First thing this morning, mortgage rates today were barely moving. If they stay that way, we might be in for a breather. But they often change later in the day.

Current mortgage and refinance rates

Program Mortgage Rate APR* Change
Conventional 30 year fixed
Conventional 30 year fixed 5.954% 5.991% +0.13%
Conventional 15 year fixed
Conventional 15 year fixed 5.228% 5.27% -0.05%
Conventional 20 year fixed
Conventional 20 year fixed 5.925% 5.983% Unchanged
Conventional 10 year fixed
Conventional 10 year fixed 5.209% 5.294% +0.03%
30 year fixed FHA
30 year fixed FHA 5.635% 6.398% +0.11%
15 year fixed FHA
15 year fixed FHA 5.414% 5.944% +0.01%
30 year fixed VA
30 year fixed VA 5.287% 5.506% -0.04%
15 year fixed VA
15 year fixed VA 5.449% 5.812% +0.04%
Rates are provided by our partner network, and may not reflect the market. Your rate might be different. Click here for a personalized rate quote. See our rate assumptions here.

Should you lock a mortgage rate today?

Don't lock on a day when mortgage rates look set to fall. My recommendations (below) are intended to give longer-term suggestions about the overall direction of those rates. So, they don’t change daily to reflect fleeting sentiments in volatile markets.

It’s possible that rates could move lower on Friday. Read on for why that’s one possibility. But I doubt any fall will be big or sustained. Amid the usual ups and downs, I’m expecting mortgage rates to edge higher for the rest of the year.

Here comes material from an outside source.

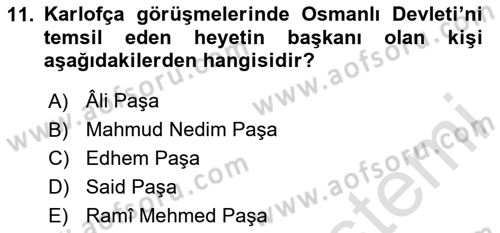 Osmanlı Tarihi (1566-1789) Dersi 2023 - 2024 Yılı (Final) Dönem Sonu Sınav Soruları 11. Soru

So, my personal rate lock recommendations are:

  • LOCK if closing in 7 days
  • LOCK if closing in 15 days
  • LOCK if closing in 30 days
  • LOCK if closing in 45 days
  • LOCK if closing in 60 days

>Related: 7 Tips to get the best refinance rate

Market data affecting today’s mortgage rates

Here’s a snapshot of the state of play this morning at about 9:50 a.m. (ET). The data, compared with roughly the same time yesterday, were:

  • The yield on 10-year Treasury notes edged up to 3.12% from 3.10%. (Bad for mortgage rates.) More than any other market, mortgage rates normally tend to follow these particular Treasury bond yields
  • Major stock indexes were mostly lower soon after opening. (Good for mortgage rates.) When investors are buying shares, they’re often selling bonds, which pushes prices of those down and increases yields and mortgage rates. The opposite may happen when indexes are lower. But this is an imperfect relationship
  • Oil prices climbed to $95.14 from $94.18 a barrel. (Bad for mortgage rates*.) Energy prices play a prominent role in creating inflation and also point to future economic activity
  • Gold prices rose to $1,768 from $1,756 an ounce. (Neutral for mortgage rates*.) It is generally better for rates when gold rises and worse when gold falls. Gold tends to rise when investors worry about the economy. And worried investors tend to push rates lower
  • CNN Business Fear & Greed index — increased to 50 from 47 out of 100. (Bad for mortgage rates.) “Greedy” investors push bond prices down (and interest rates up) as they leave the bond market and move into stocks, while “fearful” investors do the opposite. So lower readings are better than higher ones

*A movement of less than $20 on gold prices or 40 cents on oil ones is a change of 1% or less. So we only count meaningful differences as good or bad for mortgage rates.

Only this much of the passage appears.